Find the nearest History & Heritage
Our History and Heritage category brings all Coast Radar’s listings related to looking for something to do or a place to visit together where they offer some form of historic or heritage based activity.
Finding the best things to see and do on a day out with your family or friends is easy – simply explore the historic and heritage links below, hit the jump to my location button or use the search bar to plan your next UK and Ireland activity.
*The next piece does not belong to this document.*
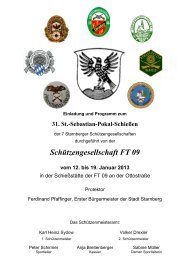 E - Schützengesellschaft der F.T. 09 Starnberg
- Clovelly has a single steep cobbled street that runs down past 16th Century fisherman’s cottages to the harbour. The road is half a mile (0.8km) long but drops some 400ft (122m). Once at the bottom Clovelly harbour is a 13th Century stone quay. Clovelly has not been spoilt by the holiday trade over the years as it is owned by the Clovelly Estate and so you will not find holiday homes but arts and crafts. The car park and visitor centre is at the top of the village and does offer some transport down via back lanes, but the beauty at Clovelly is the walk down to the harbour.
- The Monastery of Saint Paul in Jarrow was once the home of the Venerable Bede, whose most notable works include The Ecclesiastical History of the English People and the translation of the Gospel of John into Old English. At the time of its foundation, it was reputed to have been the only centre of learning in Europe north of Rome. In 794 Jarrow became the second target in England of the Vikings, who had plundered Lindisfarne in 793. The Monastery was later dissolved by Henry VIII. The ruins of the Monastery are now associated with and partly built into the present-day church of St. Paul, which stands on the site. One wall of the church contains the oldest stained-glass window in the world, dating from about AD 600. Just beside the Monastery is “Bede’s World“, a working museum dedicated to the life and times of Bede. Bede’s World also incorporates Jarrow Hall, a grade II listed building and significant local landmark.
- Paxton House is an 18th century country house in Berwick upon Tweed, Northumberland. Described as one of the finest examples of neo-Palladian architecture in Scotland, Paxton House was built between 1758 and 1763 by John Adam for Patrick Home. Paxton houses one of the foremost collections of Chippendale furniture as well as other valuable antiques and paintings. Visitors today can tour the house in all its splendour. The gardens are also well worth a visit, as the onsite gift shop and restaurant. Open from March to November.
- La Hougue Bie is where you’ll find one of the best examples of passage graves in Europe. Here you can find out more about life in a Neolithic community on Jersey around six thousand years ago. There is a medieval chapel on the mound now but it’s still a tranquil and spiritual place where you can stand inside the chamber of the grave itself. There is a museum too where you can discover more about this time and the German Occupation in WWII. Exhibits include coin hoards, axes, swords and spears. Read more about the impressive Prince’s Tower once situated at the site.
- Launceston a medieval walled city was Cornwall’s capital for centuries. Launceston Castle dominates the surrounding landscape with its unusual keep consisting of a 13th-century round tower built by Richard, Earl of Cornwall. The castle has views of both Dartmoor and Bodmin.
- Flodden Battlefield is the site of the Battle of Flodden, which took place on 9th September 1513 between the armies of King James IV of Scotland and the Earl of Surrey, representing King Henry VIII of England. The field is located in Branxton, Northumberland. 2013 marks the 500th anniversary of this national tragedy, where 15,000 Scots and English soldiers died, as well as 100 noblemen and King James IV. Today the battlefield is marked by a granite cross, erected in 1910. The Flodden 1513 Ecomuseum links together 12 sites in the Borders area, which are all connected to the story of Flodden.
- Arbroath Abbey was founded in 1178 by King William the Lion for a group of Tironensian Benedictine monks from Kelso Abbey. It was consecrated in 1197 with a dedication to the deceased Saint Thomas Becket, whom the king had met at the English court. It was William’s only personal foundation and he was buried before the high altar of the church in 1214.
- Castle Rising Castle completed around 1140 AD by the Norman lord William d’Albini for his new wife, the widow of Henry I. This is now one of the largest, best preserved and most lavishly decorated stone keeps in England, surrounded by 20 acres of mighty earthworks.
- The Tower of Refuge sits on St Mary’s Isle, which is a partially submerged reef within Douglas Bay. The structure was built upon the reef on the orders of Sir William Hillary (who helped to found the Royal National Lifeboat Institution) in 1832. After several shipwrecks upon the semi-submerged rock, he wanted a refuge for survivors until help could arrive.